Cosmeticizing and Monastecizing both look “Godly”, but neither requires organizational heart change transforming WHY and how it actually does business. Neither necessarily represents business a better way.
A hog in a silk waistcoat is still a hog. (Charles Spurgeon)
Monastecizing: The Good and Bad
Remember, Side Roads are not inherently bad–in fact, they are better than doing nothing at all from the standpoint of faith/work integration. Like Cosmeticizing, Monastecizing is probably closer to being on the ancient path of business a better way than many other Side Roads. The leaders understand it is about changing the organization (unlike Individualizing) and not just about maximizing profit for social good (unlike Monetizing).
If an organization is delivering an inherently faith-based product or service, Monastecizing may be the wisest path to ensure those delivering the product or service actually believe in the product or service they are delivering (albeit sacrificing evangelistic opportunities that may still be present in Cosmeticizing).
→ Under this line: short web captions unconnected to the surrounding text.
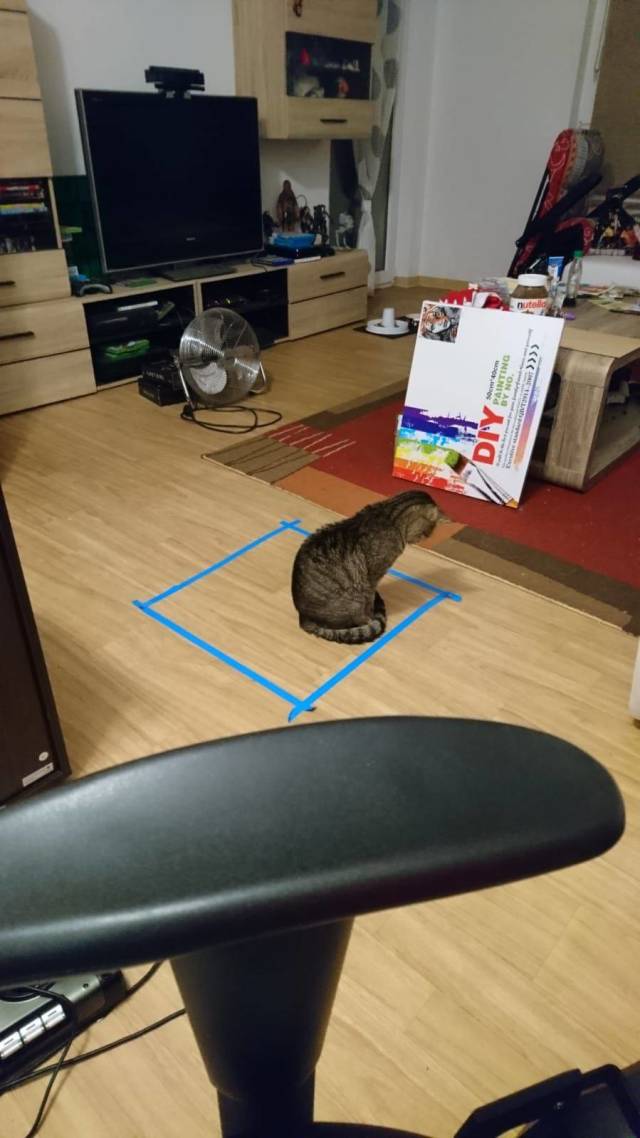 daily picdump 97 pics 23.html - 97 HD Photos | Premium Gallery 2018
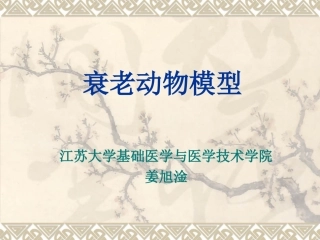 衰老动物模型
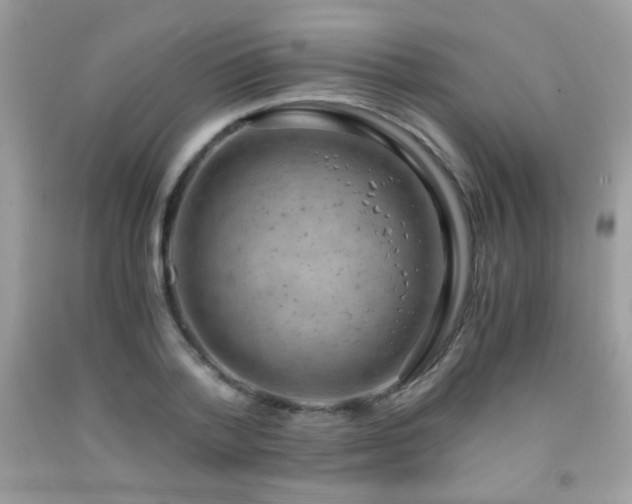 X0000091920788200709051439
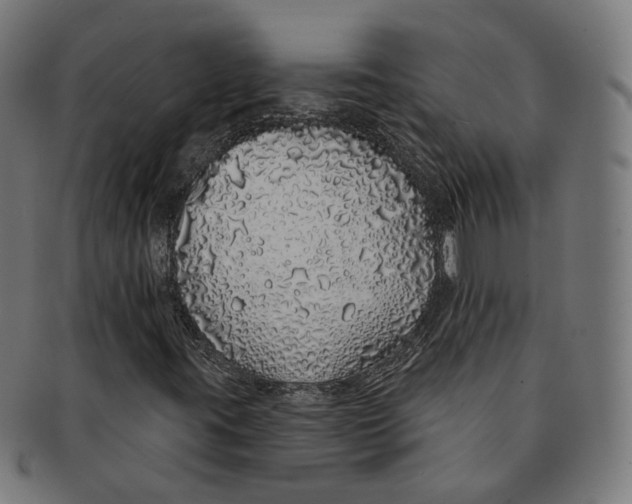 X0000091191395200709061004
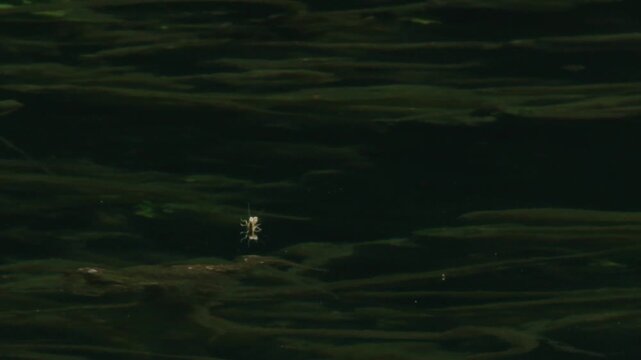 In the velvet stream &ndash;  mayfly and  algae drifting through soft green currents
On the other hand, Monastecizing may merely reflect what James Hunter refers to in his book To Change the World as a “purity from” approach to engaging the world in a way that “minimize[s] the inherent tension that comes with being ones who are called to be ‘in the world but not of it’.”
Whether or not Monastecizing is the wisest choice for an organization’s business model or an attempt to build a moat of “purity from“, it is still “putting lipstick on a pig” (which is a more modern version of a phrase apparently used by Charles Spurgeon in 1887, “A hog in a silk waistcoat is still a hog“) if the day-to-day operation of the organization–how it treats vendors, employees and customers–remains business as usual and the WHY of the organization–its heart–remains Profit as Purpose.
Sadly, as with Cosmeticizing, Monastecizing can also be an affirmatively bad “witness” for faith/work integration–a business a better way body with a business as usual engine under the hood. We believe more is much harder, but it is necessary and worth the journey. That journey is the journey of Integriosity®–the ancient path of leading faithfully through business a better way.
PERSONAL NOTE (from PM): Monastecizing as a faith/work strategy had never even occurred to me until I recently heard someone describe their company’s strategy as intentionally creating a work culture that would be uncomfortable for someone who did not share their faith so that they would not have any employees who did not share their faith.
In that case, it was expressed as a business strategy aimed at ensuring that those involved in the delivery of a decidedly faith-based product all believed in the product. It seems to an example of Hunter’s “purity from” paradigm in order to deliver a product that is an example of his “defensive against” paradigm–a faith-based business providing a “parallel” product to secular businesses.
I don’t know whether the heart of the organization aligns with business a better way or business as usual, but it is an organization of faith-based people serving faith-based people. That isn’t “bad”–but is it the “best”? In the words of James Hunter:
My point is not that these paradigms of engagement are equally problematic, but rather that none seems to be a fully adequate way of making sense of or pursuing faithfulness in our world.